Marvel Snap Deck Sort Options, Explained

The sort dropdown on the Decks page and your own My Decks reorders the same deck list by any stat we track. Most options appear on both pages, but they behave differently in one way that matters: the community Decks page pulls its rates toward the field average for sample size, while My Decks shows your own numbers raw. A few sorts only exist in Conquest, and two more only appear during a Golden Gauntlet event.

What do the Games, Players, Win Rate, and Cube Rate sorts show?

Games Played counts the tracked games behind a deck. On the community page, # of Players counts how many distinct people piloted it, which is a cleaner popularity read than game count alone, since one grinder can pile up games without moving the player total. Win Rate is the share of games won. Cube Rate is the average cube swing per game, wins minus losses, and its label follows the mode: it reads as Points in Sanctum Showdown and Bubs in the Diner, because those modes score on their own currency.

On /play/decks, Win Rate and Cube Rate are smoothed so a deck with only a few games cannot ride a lucky streak to the top. On My Decks those same two sorts are raw: your exact rate from your exact games, however few. That split is deliberate, because your personal volume is usually too small for smoothing to leave any signal behind.

What is the difference between Battle Winrate and Conquest Winrate?

These two are the easiest to confuse, and they measure different things. Both are Conquest only, so they appear only when a Conquest mode is selected. A Battle is one Conquest matchup against a single opponent: each player starts with a pool of health, every round drains health from whoever lost that round, and the battle ends when one player's pool hits zero. Battle Winrate is how often the deck wins that head to head, counted one battle at a time. It is the workhorse Conquest stat and the default sort in Conquest modes.

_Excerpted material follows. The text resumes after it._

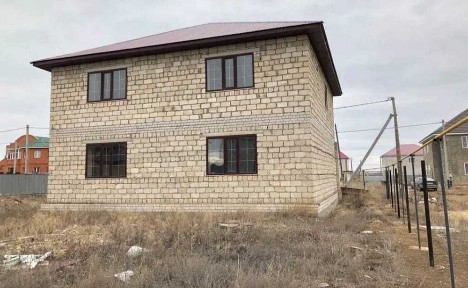 СРОЧНО продам 2 этажный дом черновой на Жанаконыс 1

Conquest Winrate is about closing out a whole run. A run asks you to win several battles in a row to complete the tier and earn the next ticket up, and Conquest Winrate looks only at the deciding battle, the one that either finishes the tier or ends the run, then asks how often the deck won it. So Battle Winrate rewards taking any single matchup, while Conquest Winrate rewards sealing the tier. The community page offers Conquest Winrate for the Gold and Infinity tiers, where a deciding battle carries real weight. My Decks offers it for all four tiers, low ones included, so your own record shows honestly. Battles Played, Total Battle Wins, and Total Conquest Wins count those same events as running totals instead of rates.

What do the Raw variants and the personal-only sorts do?

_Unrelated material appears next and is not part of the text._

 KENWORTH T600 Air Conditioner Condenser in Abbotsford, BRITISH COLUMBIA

Every smoothed community sort has a Raw twin at the bottom of the dropdown: Raw Win Rate, Raw Cube Rate, Raw Battle Winrate, and Raw Conquest Winrate. Picking one flips each row so the un-smoothed value leads, which floats small-sample decks to the top on purpose. Pair a Raw sort with the minimum-games filter to keep the results grounded. My Decks needs no Raw twins, since it is raw already, and it adds sorts that only make sense for your own play: Last Played for plain chronological order, plus Total Wins and Total Cubes alongside the running battle and Conquest totals. One more wrinkle: during a Golden Gauntlet event, the Decks page swaps in two bespoke sorts, Deck Cost and Final Standings, that belong to that tournament format and vanish once it ends.